* **Work to complete**
Return all of the data exactly, with nothing left out but the pictures.

━━━━━ Information supplied ━━━━━

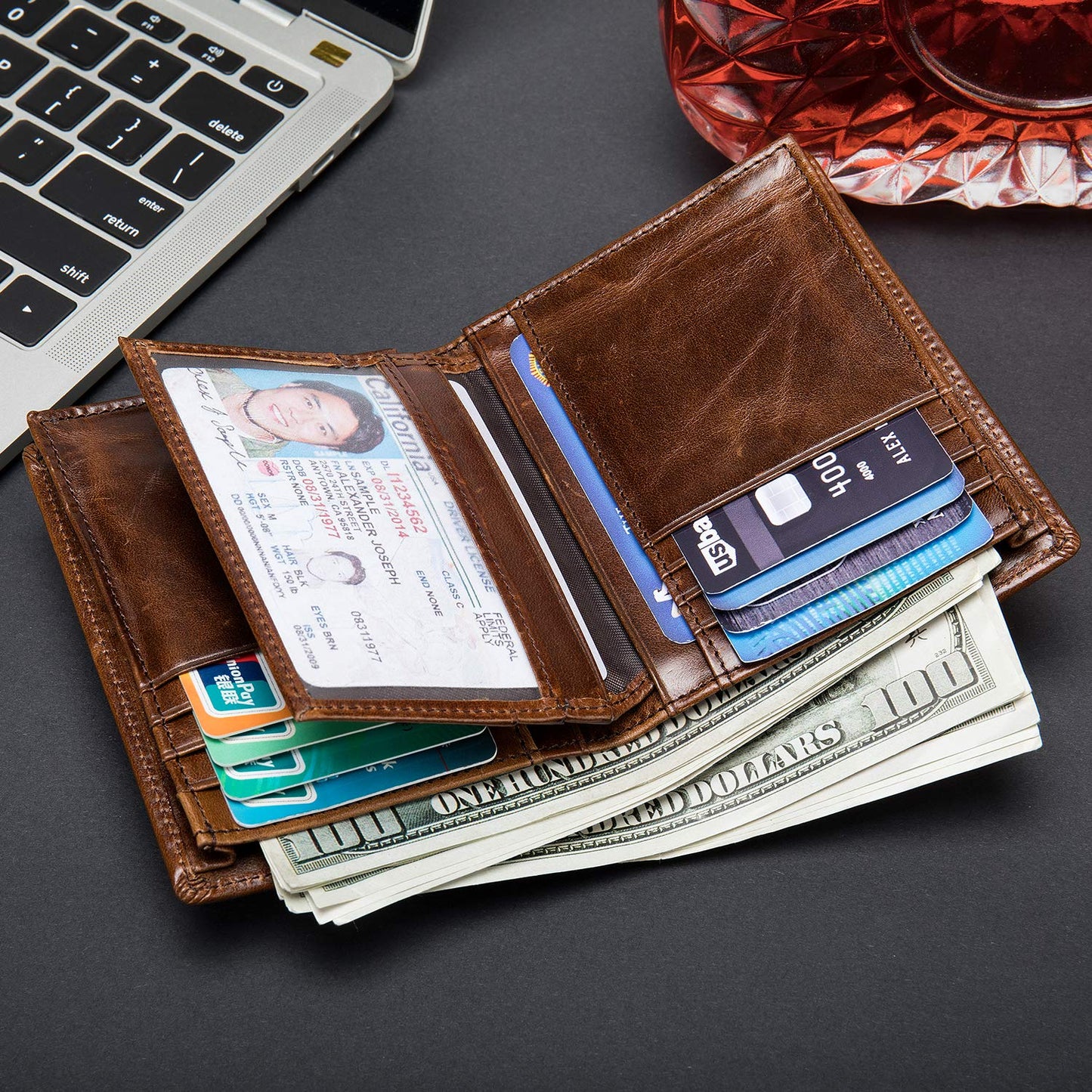 Plinvo Men's Extra Large RFID Blocking Bifold Wallet Genuine Leather Vertical Design 16 Card Slots with ID Window (Coffee)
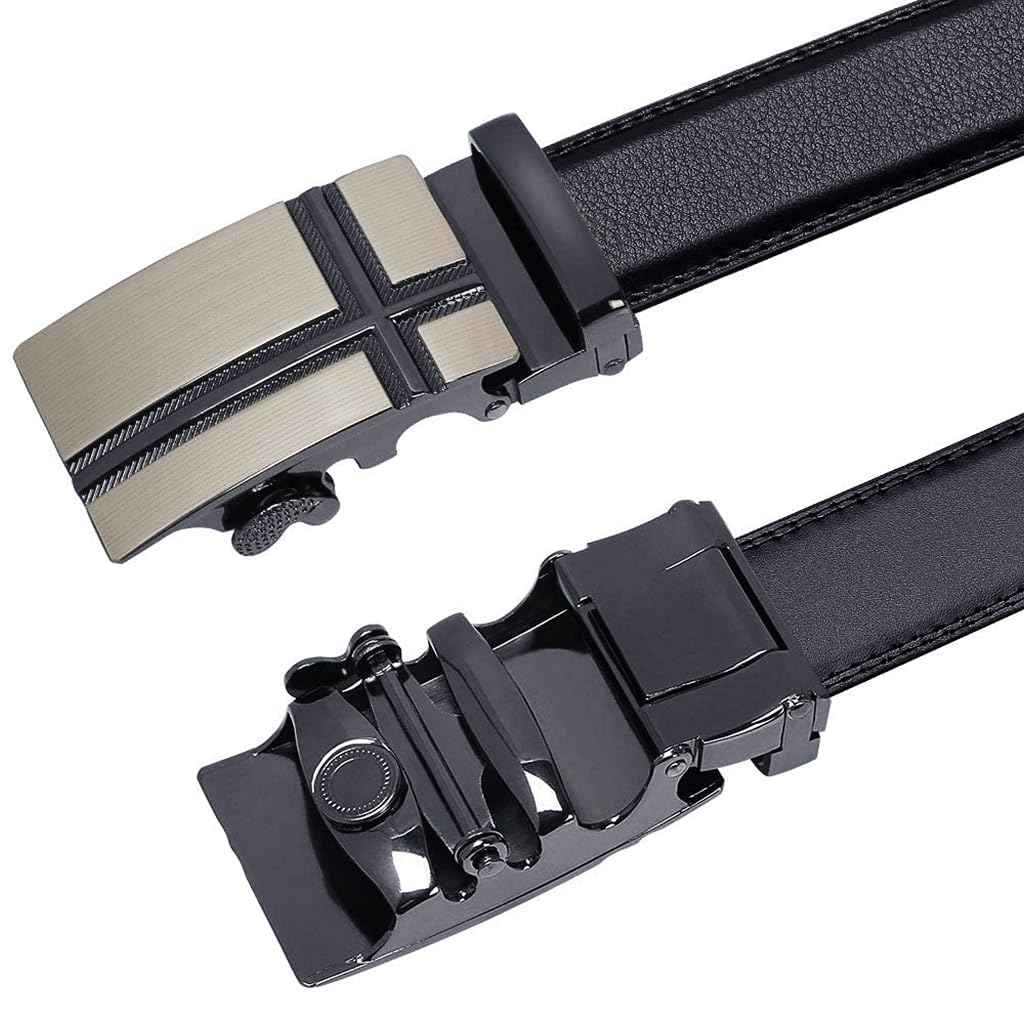 GUSTAVE Automatic Leather Belt for Men with Autolock Buckle 130 cm Length | Black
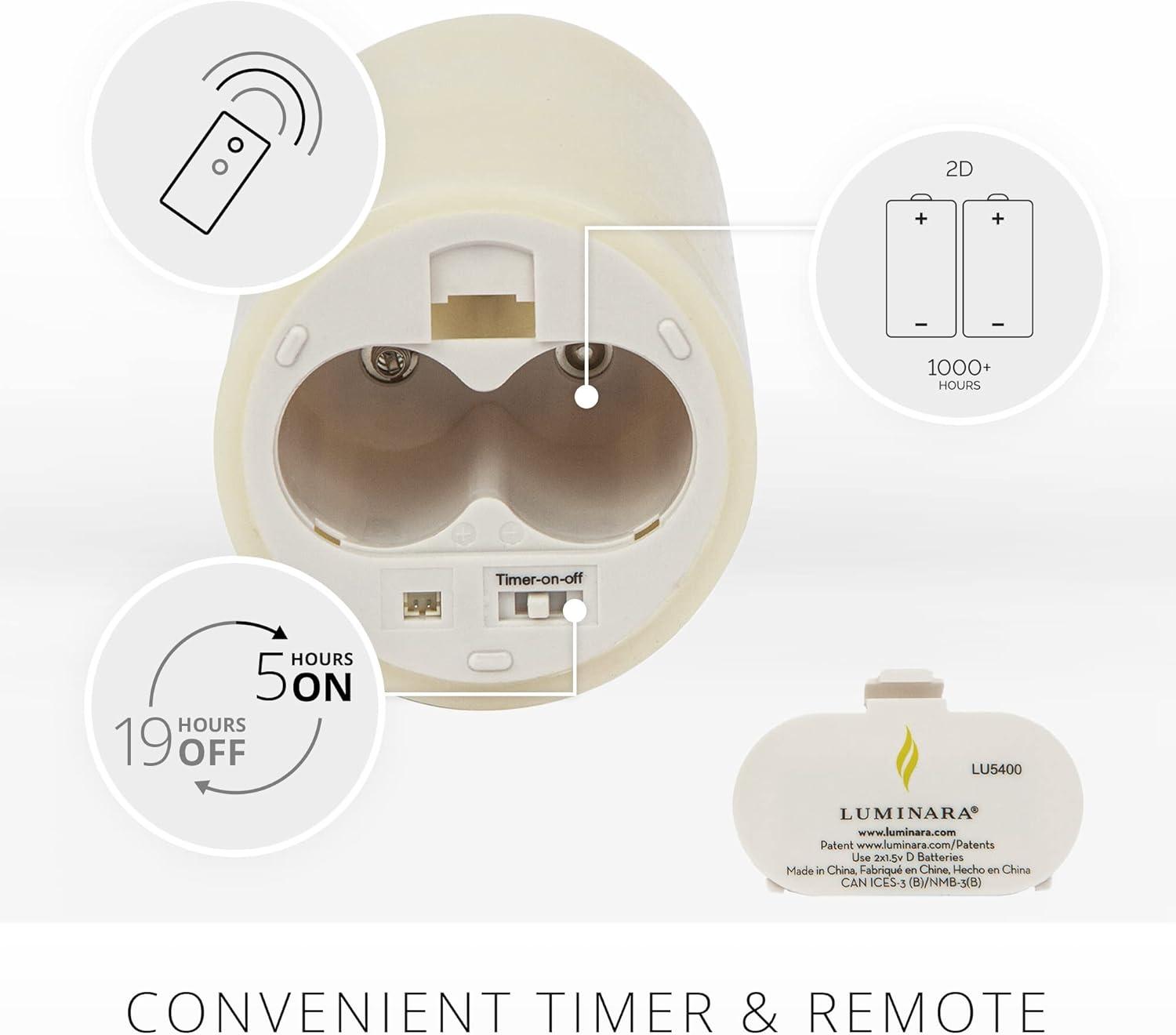 Luminara Flameless LED Candle, Moving Flame Pillar, Remote Ready, Timer, Battery Operated, Vanilla Honey Scented, Ivory (3.5 in x 7 in)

━━━━━

* **Written response**
 Plinvo Men's Extra Large RFID Blocking Bifold Wallet Genuine Leather Vertical Design 16 Card Slots with ID Window (Coffee)
 GUSTAVE Automatic Leather Belt for Men with Autolock Buckle 130 cm Length | Black
 Luminara Flameless LED Candle, Moving Flame Pillar, Remote Ready, Timer, Battery Operated, Vanilla Honey Scented, Ivory (3.5 in x 7 in)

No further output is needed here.